January 24, 2007 at 2:03 pm
Have used NOLOCK for years for batch processing requirements to attempt to avoid the impact of on-going updates when these updates do not impact the underlying batch process(different columns in same table(s) being updated).
Have seen a nasty side effect of NOLOCK in very high transaction environment (multiple updates per second) with queries being executed multiple times per second: the SELECT statement used for the NOLOCK can fail due to "block read" issues. Apparently the optimizer can get confused on which blocks to read (UNCOMMITED versus COMMITTED).
January 24, 2007 at 2:14 pm
"I would add that a hint is just that "a hint" not 100% of the time you will get what you asked for"
This seems to be a fairly common misconception. Even though they are called Hints, they are not mere suggestions to the optimizer. They OVERRIDE the optimizers default behavior--absolutely! There's no "maybe" about Hints. Which is why they should be used with care and only by those who understand the ramifications.
/*****************
If most people are not willing to see the difficulty, this is mainly because, consciously or unconsciously, they assume that it will be they who will settle these questions for the others, and because they are convinced of their own capacity to do this. -Friedrich August von Hayek
*****************/
January 24, 2007 at 2:26 pm
I operate in Web environment where all READ ONLY functional content is served up out of a SQL Server database and then rendered on the site.
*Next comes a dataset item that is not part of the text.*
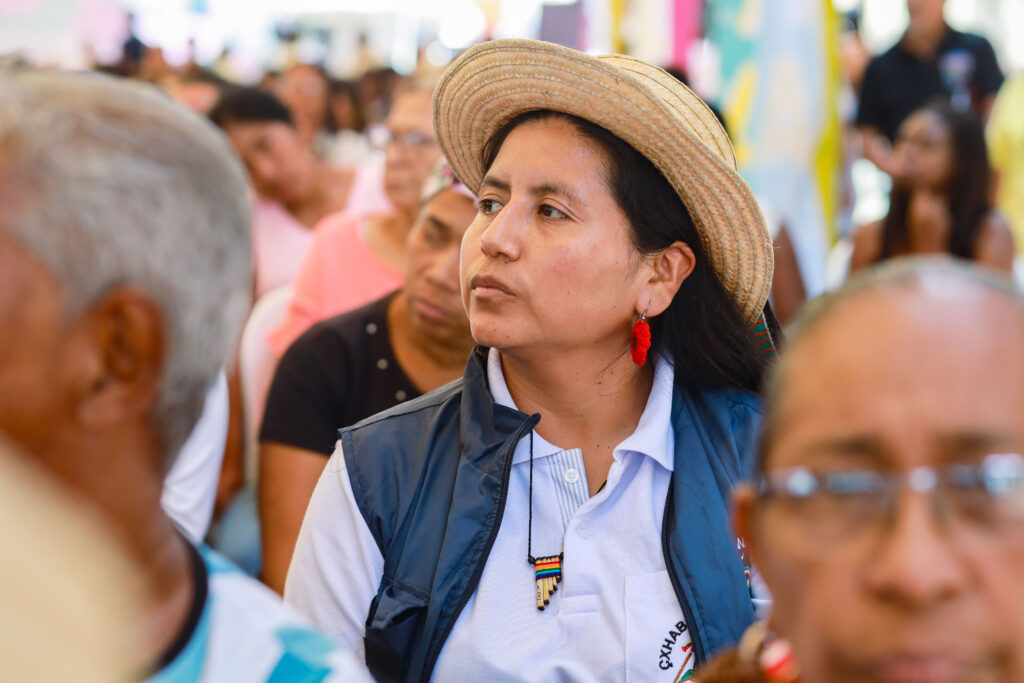 Periodista indígena escuchando un discurso en el Festival Por la Vida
All "GET" stored procedures have the SET TRANSACTION ISOLATION LEVEL READ UNCOMMITTED statement in them. This has the same effect of putting a (NOLOCK) hint on every table in the SP. If you are using Dynamic SQL from the application layer, JAVA or .Net, the isolation level can be altered at the connection level.
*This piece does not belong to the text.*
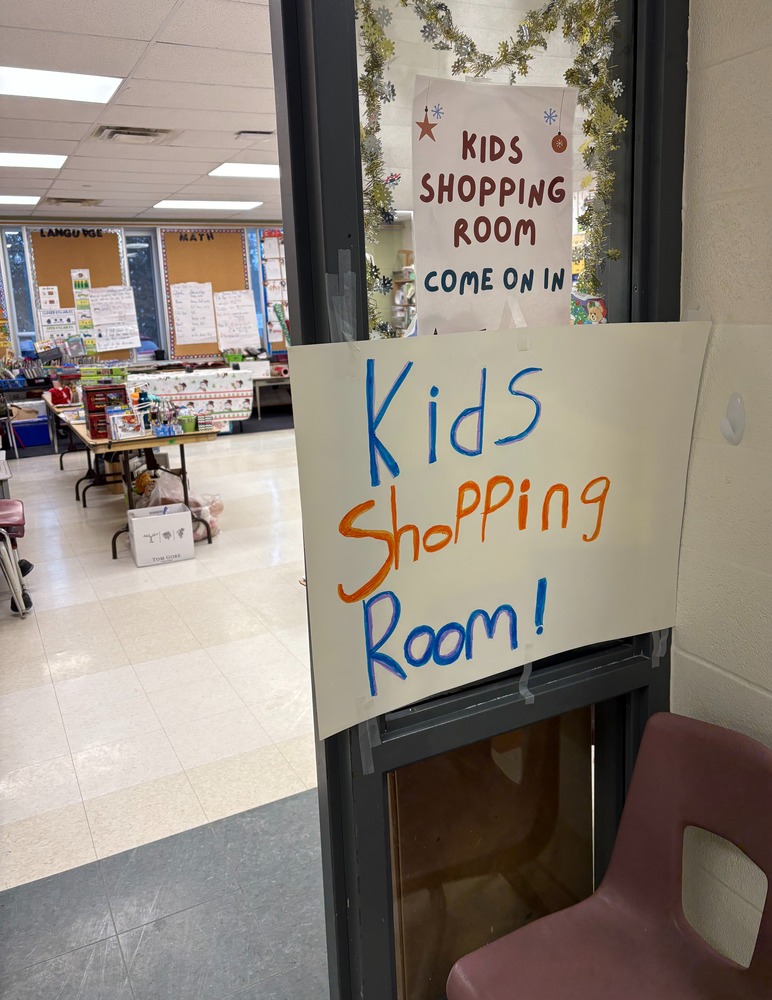 Classroom with the sign: Kids shopping room on what paper with gold garland in window.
We have found this to be a huge performance benefit and have also seen some unexpected benefits. It makes mass data modifications and content deployments to the site doable while we are up without ill effects on the performance of the site. This ofcourse has the same dangers as mentioned above. The read uncommitted isolation level can result in a dirty read.
January 24, 2007 at 3:28 pm
Just wondering if anyone has used the new SNAPSHOT isolation level in SQL 2005 yet, and if anyone has any comments on it's potential as a replacement for nolock/READ UNCOMMITTED.
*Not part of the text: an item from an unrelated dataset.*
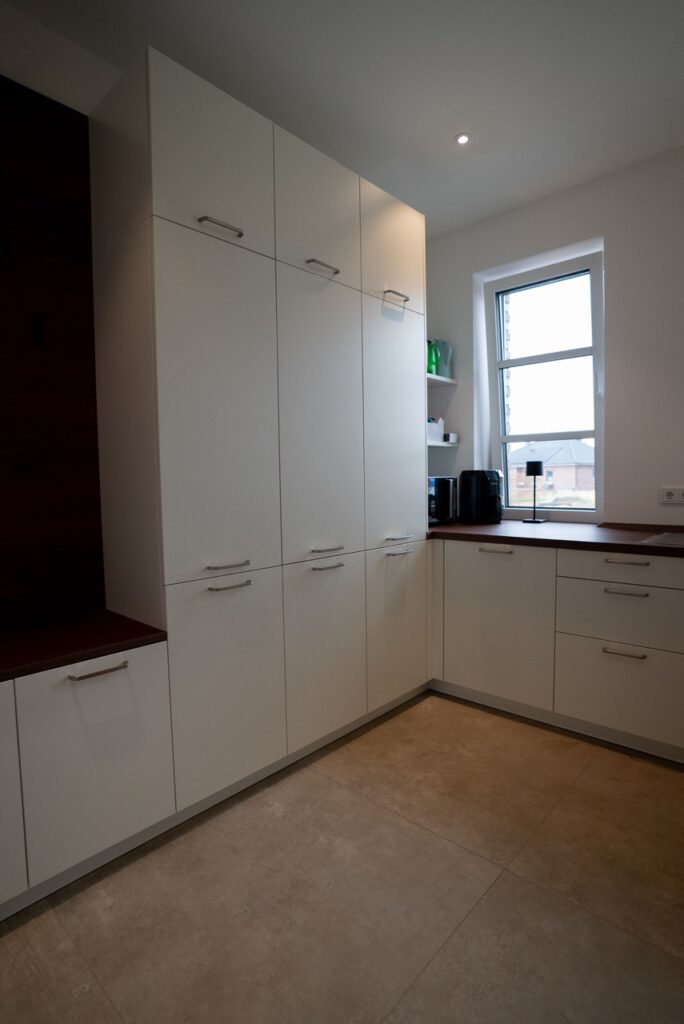 Moderne, helle Küche mit weißen Schränken, dunkler Arbeitsplatte und natürlichem Licht durch ein Fenster.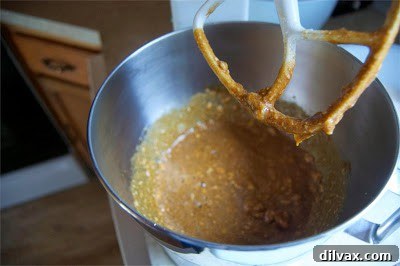 A medium bowl containing sifted dry ingredients: flour, salt, baking soda, and pumpkin spice.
From BOL: SET TRANSACTION ISOLATION LEVEL (Transact-SQL)
Specifies that data read by any statement in a transaction will be the transactionally consistent version of the data that existed at the start of the transaction. The transaction can only recognize data modifications that were committed before the start of the transaction. Data modifications made by other transactions after the start of the current transaction are not visible to statements executing in the current transaction. The effect is as if the statements in a transaction get a snapshot of the committed data as it existed at the start of the transaction.
Except when a database is being recovered, SNAPSHOT transactions do not request locks when reading data. SNAPSHOT transactions reading data do not block other transactions from writing data. Transactions writing data do not block SNAPSHOT transactions from reading data.
During the roll-back phase of a database recovery, SNAPSHOT transactions will request a lock if an attempt is made to read data that is locked by another transaction that is being rolled back. The SNAPSHOT transaction is blocked until that transaction has been rolled back. The lock is released immediately after it has been granted.
The ALLOW_SNAPSHOT_ISOLATION database option must be set to ON before you can start a transaction that uses the SNAPSHOT isolation level. If a transaction using the SNAPSHOT isolation level accesses data in multiple databases, ALLOW_SNAPSHOT_ISOLATION must be set to ON in each database.
A transaction cannot be set to SNAPSHOT isolation level that started with another isolation level; doing so will cause the transaction to abort. If a transaction starts in the SNAPSHOT isolation level, you can change it to another isolation level and then back to SNAPSHOT. A transaction starts at the BEGIN TRANSACTION statement.
A transaction running under SNAPSHOT isolation level can view changes made by that transaction. For example, if the transaction performs an UPDATE on a table and then issues a SELECT statement against the same table, the modified data will be included in the result set.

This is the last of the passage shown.